数馬氏は幼少期から高校時代まで能登で過ごし、東京の大学に進学。卒業後はコンサルティング会社に就職し、試行錯誤しながらも順調にキャリアをスタートさせた。
そうした中、突如として実家から「そろそろ手伝わないか?」と連絡が届く。帰るやいなや「社長をやってみるか?」と先代からの一言。大した引き継ぎもないまま社長に就任した。当時まだ24歳のことだった。
「当時は東京で頑張るつもりでしたし、このタイミングで家業を継ぐという選択肢は自分の中にはなかったので驚きました。でも、『チャンスの前髪』じゃないですけど、ここで断ったら次はないかもしれないと直感的に感じ、気づけば二つ返事で継ぐことになりました」
当時日本最年少の蔵元は、こうしてあっさりと誕生した。重要な決断を軽やかに決めてしまう思い切りの良さと、後述する経営改革に象徴されるような、思慮深い原点思考の二面性が数馬氏にはある。最年少蔵元の誕生と活躍は近隣の酒造にも徐々に知れ渡るようになり、通常はライバルであるはずの同業他社ともヨコのつながりが強まっていったようだ。震災という前代未聞のピンチに多くの仲間が駆けつけたのも、数馬氏に賛同する仲間が多かったことの証左かもしれない。

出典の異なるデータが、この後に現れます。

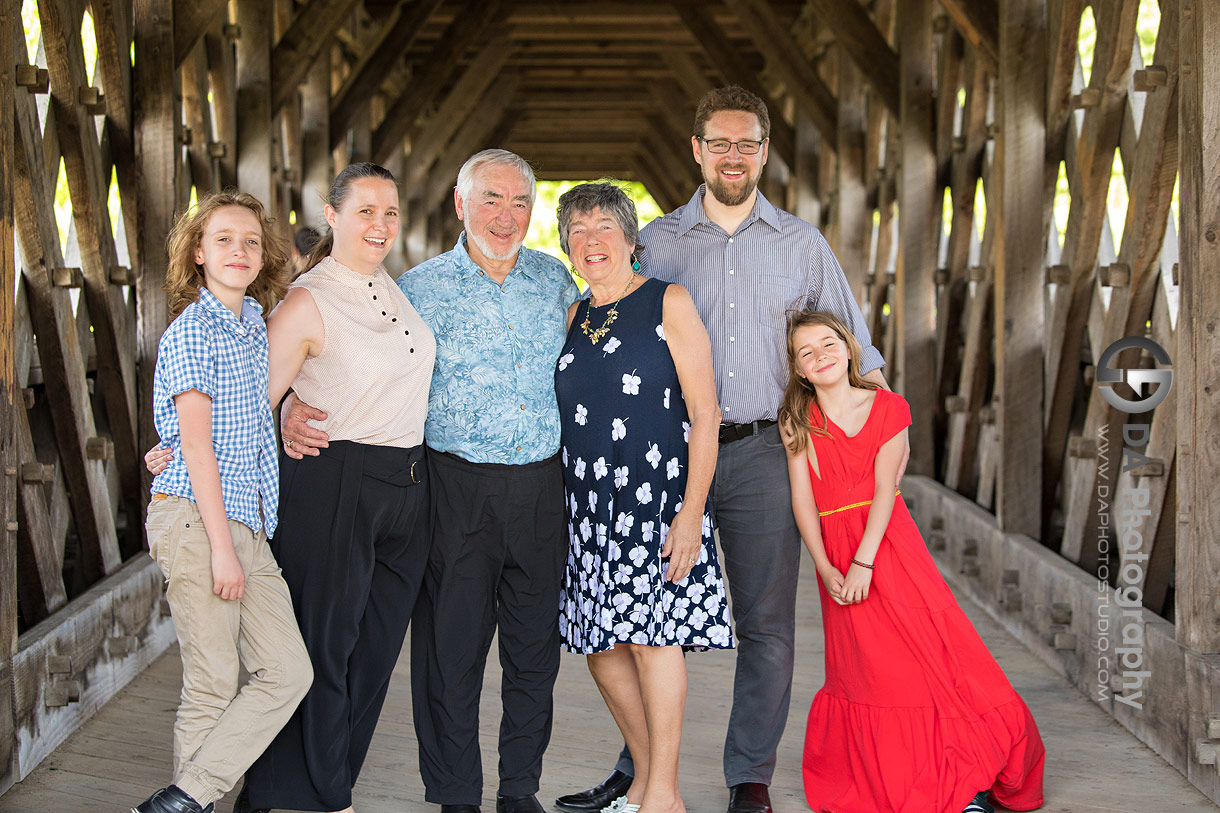 Fun family photo at the Covered Bridge in Guelph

季節雇用の杜氏に頼らない酒造り 醸造責任者制への転換
数馬酒造は、それまでの能登の酒造りの常識からは反するような改革を近年いくつもやってのけている。その中の一つに、外部から杜氏を招く慣習に依存しない「醸造責任者制」の導入がある。
能登といえば全国的にも名の通った「能登杜氏」が存在し、伝統的に酒造りの中核を担ってきた。杜氏はどこかの酒蔵に所属しているわけではなく、一定期間酒蔵に泊まり込みで酒造りを行う、いわばプロフェッショナルの季節労働だ。この伝統が長く能登の酒造りを支えてきた。
一方で、杜氏という職業のなり手は減りつつあり、高齢化や後継者不足が深刻化している。蔵元を継いでからの数馬氏には、「自分たちで醸造技術を蓄積しないまま外部に頼った酒造りを続けることは果たして持続可能なのか?」という思いがあったという。
「2015年にそのときの杜氏さんが辞められたのを機に、段階的に『自社での醸造責任者制に移行』する方針を打ち出しました。若手社員も含め社内でノウハウを共有し、従来の泊まり込みの24時間体制ではなく、働き方改革とも連動する持続可能な酒造りのスタートです。若手社員が『自分に任せてもらえないか』と前向きに手を挙げてくれたこともあり、社内で意思統一しながら開始できました」
外部からは「能登杜氏の伝統を軽視するのか」といった批判や、先代である四代目からの猛反対もあったが、綿密な議論を重ね、「能登の酒造として長期的に酒造りを続けるための戦略」であることを社内外に理解してもらう努力を続けた結果、現在の体制の構築にこぎつけた。